Previous research on the reliability of global reanalyses in the polar regions has paid more attention to temperature, wind, cloud, radiation, and so on (Bromwich and Fogt, 2004; Bromwich et al., 2007; Boccara et al., 2008; Kennedy et al., 2011; Bracegirdle and Marshall, 2012). These studies indicate that, overall, accuracy is much higher in the Arctic than the Antarctic, and that ERA-40 more closely fits the observations than NCEP-1.
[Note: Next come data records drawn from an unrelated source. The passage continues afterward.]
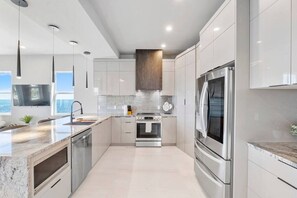 Refrigerador, microondas, horno y parrilla de estufa 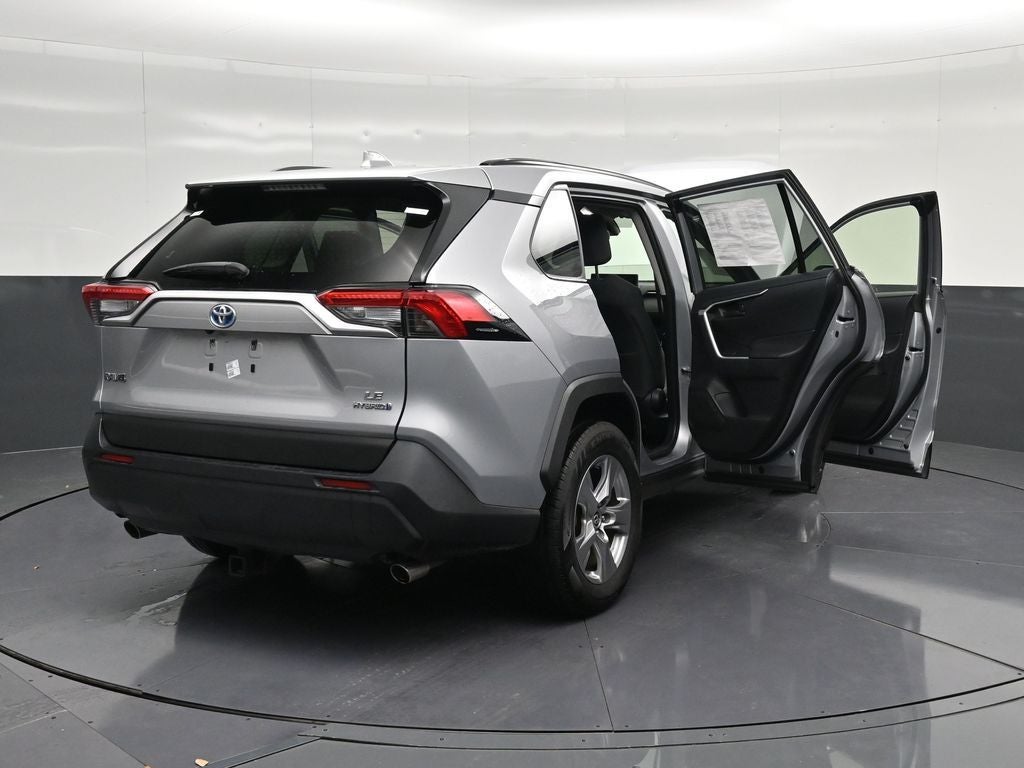 2022 Toyota RAV4 Hybrid LE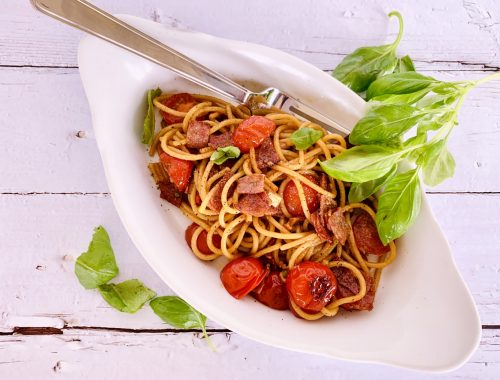 10-Minute Charred Cherry Tomato & Salami Spaghetti – Recipe!
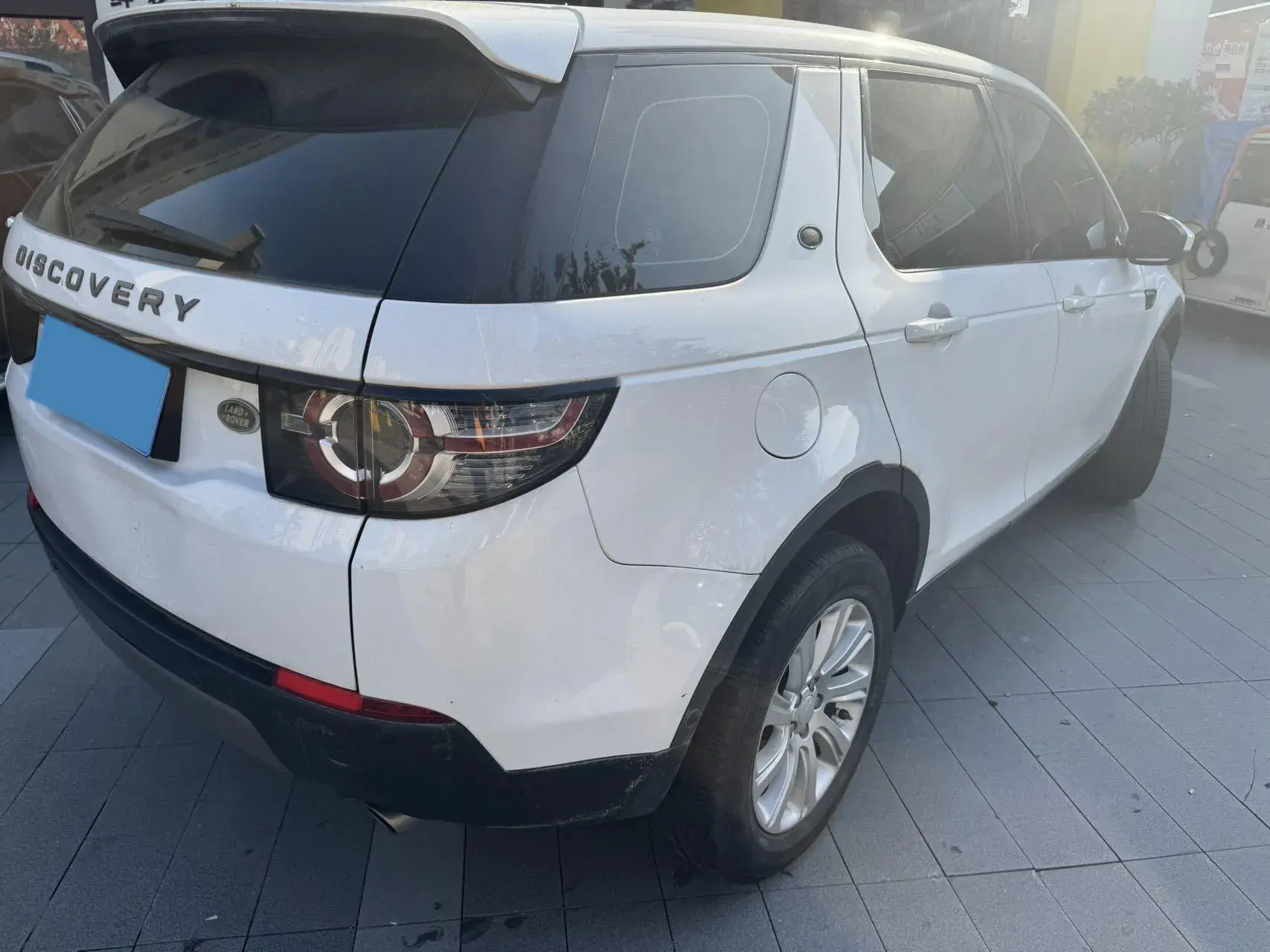 2018 LAND ROVER thumbnail 4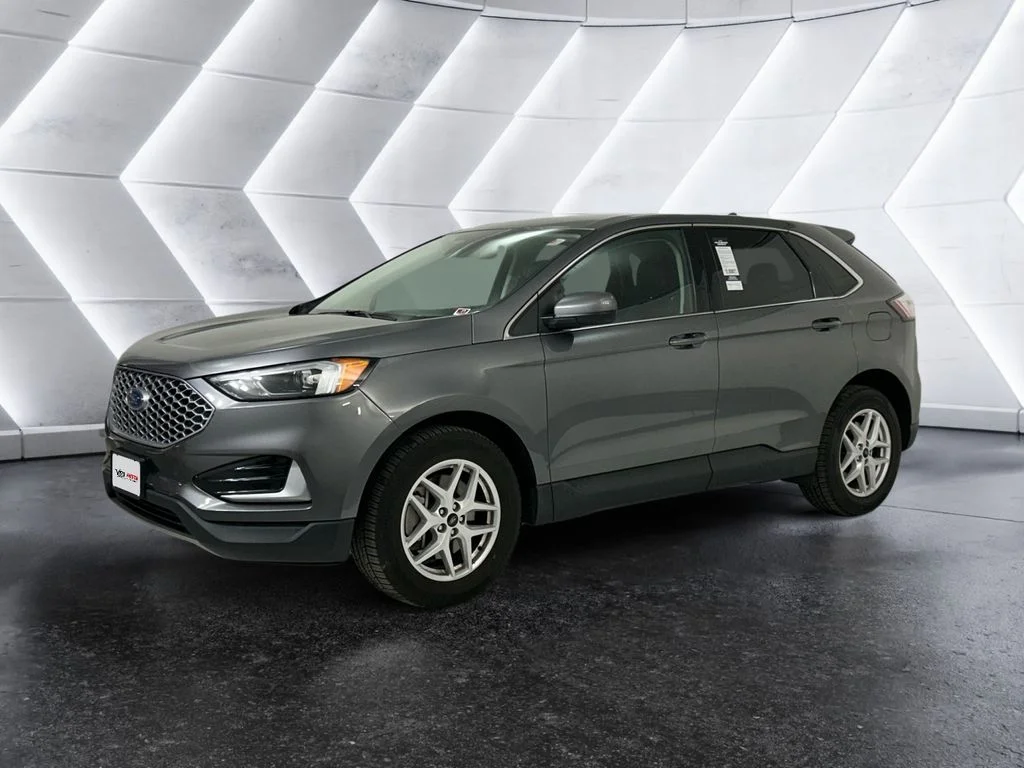 Used 2023 Gray Ford SEL image 3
However, there has been less research done on atmospheric pressure in East Antarctica. Based on the surface and radiosonde data from staffed Antarctic observation stations, Bracegirdle and Marshall (2012) compared the observed mean sea level pressure (MSLP) with the output from five reanalyses and demonstrated that ERA Interim showed a significantly smaller standard deviation, and the most stable decadal mean bias at long-term stations (those that have good temporal data coverage over the three decades from 1979). Yu et al. (2010) validated the ERA-40 and NCEP-1 reanalysis data in Antarctica, showing that atmospheric pressure at different height levels in the ERA-40 data are in better agreement with observed pressure than that in the NCEP-1 at the interannual timescale, and that both ERA-40 and NCEP-1 capture the observed intraseasonal variability in pressure and temperature during the austral winter. Jones and Lister (2007) compared four different monthly sea level pressure data sets for the southern hemisphere (south of 15°S) for the 1961–2000 period and concluded that, away from observing station locations, it is impossible to say which provides the best decadal average monthly sea level pressure values, because of assumptions made in the data set derivation.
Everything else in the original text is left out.